結果として、ダイナミクスに満ちたレコードとなったんだよ。素晴らしいハーモニーが常に生まれていると思うんだけどな。僕たちにとって、最もボーカルを中心に据えたレコードなんだよ。
Q6: Actually, I feel it’s one of the most beautiful record in the history of metal. I mean, there are perfect balance between ethereal atmosphere and dark aggression. What’s your perspective about the balance in metal music?
【ADAM】: That is incredibly kind of you and I am delighted you feel this. We have very different influences within Latitudes and I am perhaps at the least extreme end of the spectrum. However, we all come together on the ideal of making heavy and emotionally charged music. We work the rest out from there, I guess. I feel for heavy music to hit an emotional level it needs the quiet, sombre moments to counterbalance the heaviness with each element excentuating the other.
Q6: 実際、メタル史に残るほど美しいレコードですね。エセリアルなアトモスフィアとダークなアグレッションのバランスが群を抜いています。
【ADAM】: そう感じてくれてとても嬉しいね。僕たちはそれぞれが様々に異なる影響を LATITUDES に持ち込んでいるからね。そうして僕はおそらくそういった影響の中で最もエクストリームじゃない人間なんだ。
とはいえ、僕たちは全員がヘヴィーかつエモーショナルな音楽を創造するという考えをシェアしているからね。そこからは、リスナーの判断に任せたいと思うんだ。
僕はね、ヘヴィーな音楽がエモーショナルに心を打つレベルに達するには静謐や荘厳な瞬間が必要だと思うんだ。ヘヴィネスに対するカウンターバランスとしてね。他の要素たちによって相殺されるわけだよ。
Q7: After Isis were in a hiatus, there aren’t lot’s of big post-metal acts in the scene except for Cult of Luna. Do you think post-metal scene have been decreasing?

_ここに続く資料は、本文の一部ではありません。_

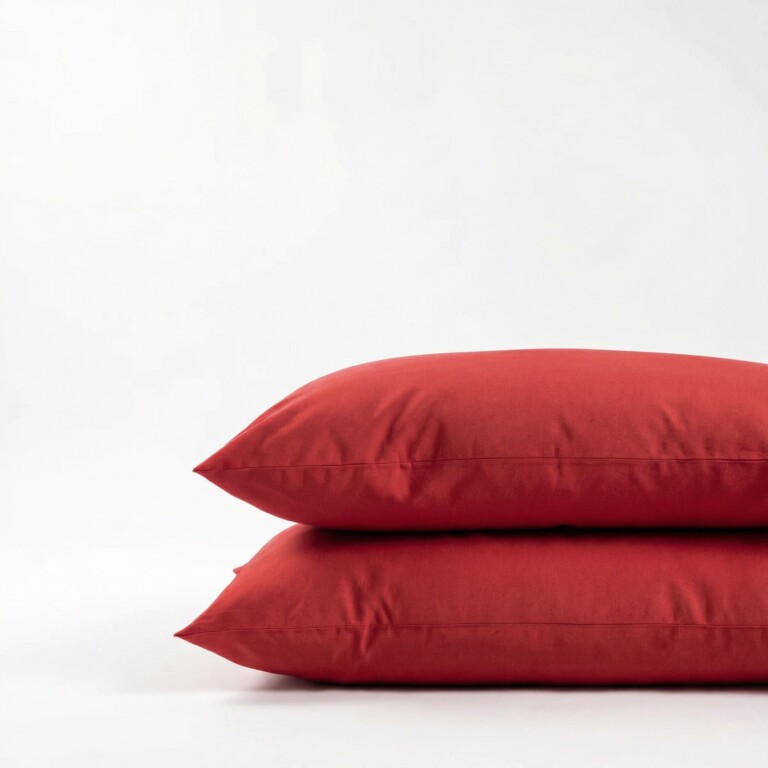 Dejorine - Taies d'oreiller X2 en Coton - Rouge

【ADAM】: Perhaps, but it is not a scene I follow personally. I was a huge Isis fan and enjoyed the earlier COL records but it is a genre that can lean on repeating itself.
Q7: バンドが分類されるポストメタルシーンは、ISIS の活動休止以来ビッグバンドと呼べる存在は CULT OF LUNA くらいですよね?
【ADAM】: そうかも知れないね。ただ個人的にはシーンに従っているわけではないんだよ。
もちろん、僕は ISIS の大ファンだったし、初期の CULT OF LUNA の作品は楽しんでいたんだ。だけど結局今となっては、焼き直しに頼るジャンルになってしまっているね。
Q8: Recently, intelligent, mathy, atmospheric bands have risen from UK. Actually, Black Peaks, TesseracT, Toska and Holy Roar’s rosters are driving force of UK modern metal/Prog scene. Of course, you are not newcomer, but I believe “Part Island” will be driving force of UK scene too. Do you think there is “new wave” of metal in your country now?
【ADAM】: Again, thank you for your kind words. I am perhaps the least qualified member of Latitudes to discuss upcoming heavy bands, particular UK based as I don’t really have my ear to the ground. But good to hear there are bands making an impact on you in Japan. I have no idea if there is a “new wave” of UK metal but we would be happy to be a part it if so.
Q8: 近年英国からは、多種多様な才能を持ったエクストリームなバンドが登場しています。”新たな波” が起こっているようですね?
【ADAM】: まあ僕はバンドの中でヘヴィーな音楽を語るには最も向いていないんだろうけど。特に英国のバンドは聴いていないから。だけど日本にまでインパクトを与えているんだから凄いよね。だからもしその “新たな波” の一部になれているなら光栄だよ。